In the first half of this verse the apostle Peter proclaims that in those whom he addresses, and therefore in us, God's promise given through Moses at the conclusion of the covenant on Mount Sinai has been fulfilled (Ex. 19). But there it says that the promise concerns those who keep all the commandments given by God, the law of Moses. Do we keep them? And if we recall how Jesus interprets these commandments in His Sermon on the Mount (Matt. 5), our conscience should immediately accuse us. And there is no need to think that this is how things are now, while in the time of the apostles everything was in order. The books of Acts and of the apostolic letters testify that even then righteousness and sin, holiness and apostasy were mixed in people, members of the Church, just as in us. Why, then, does Peter write this?
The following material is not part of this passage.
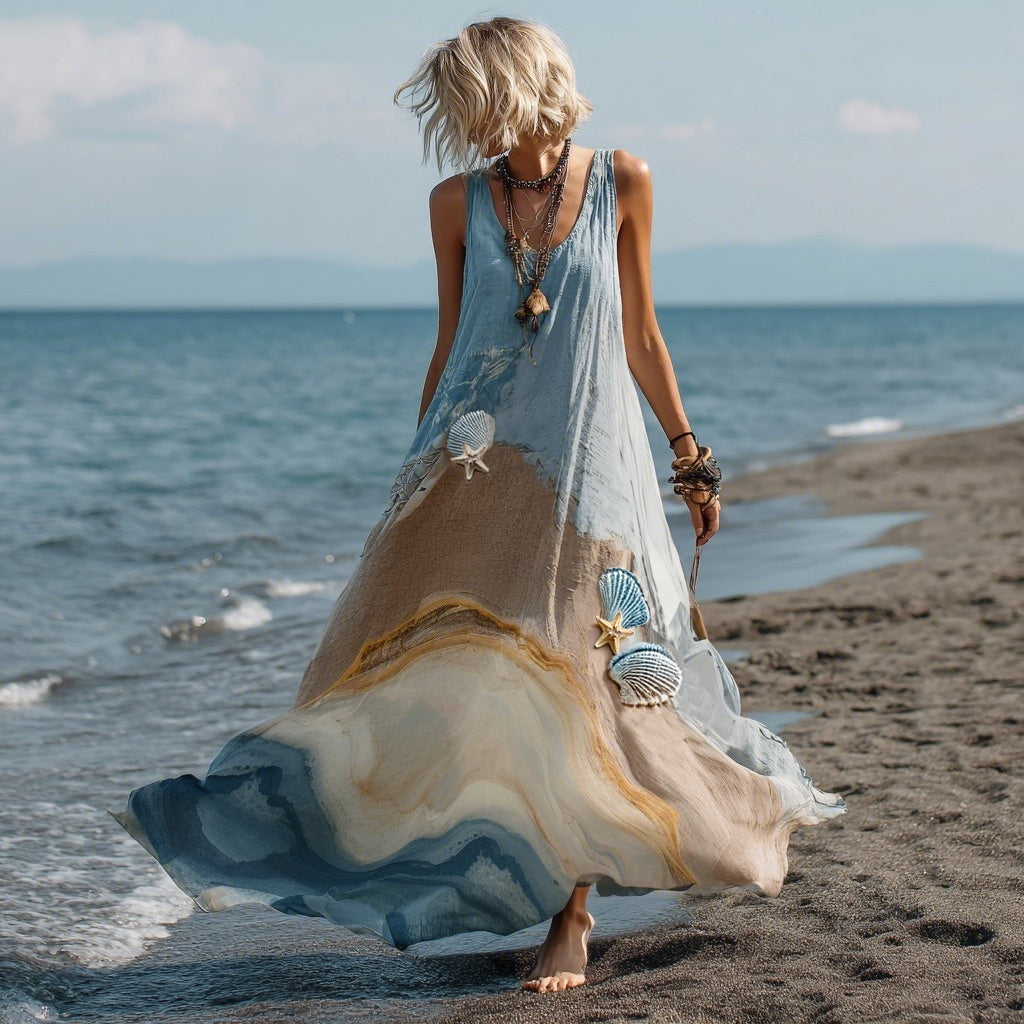 Vintage Marble Texture Collection Inspired By The Ocean Gilded Pattern Linen Maxi Dress elevenforest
There is one Man who did not break the law, who filled up and fulfilled all the commandments: God's Chosen One, our King and High Priest, Christ. In Him everything God promised in His covenant is accomplished, and all this becomes ours then, and only then, when we unite our life with the life of Christ, when we hand our life into His hands and allow Him to govern our life. We only need not to be "distracted" from Him, always to seek Him, to look to Him, as Peter did when he walked on the water toward Jesus (Matt. 14:29-31).

But Peter says something else as well. In this new life we have a task: to bring it to other people, to witness before them to how the Lord has changed our life, to manifest such light and such love that people may see through us the fullness of the perfection of the One who Himself is Light, Love, and Life.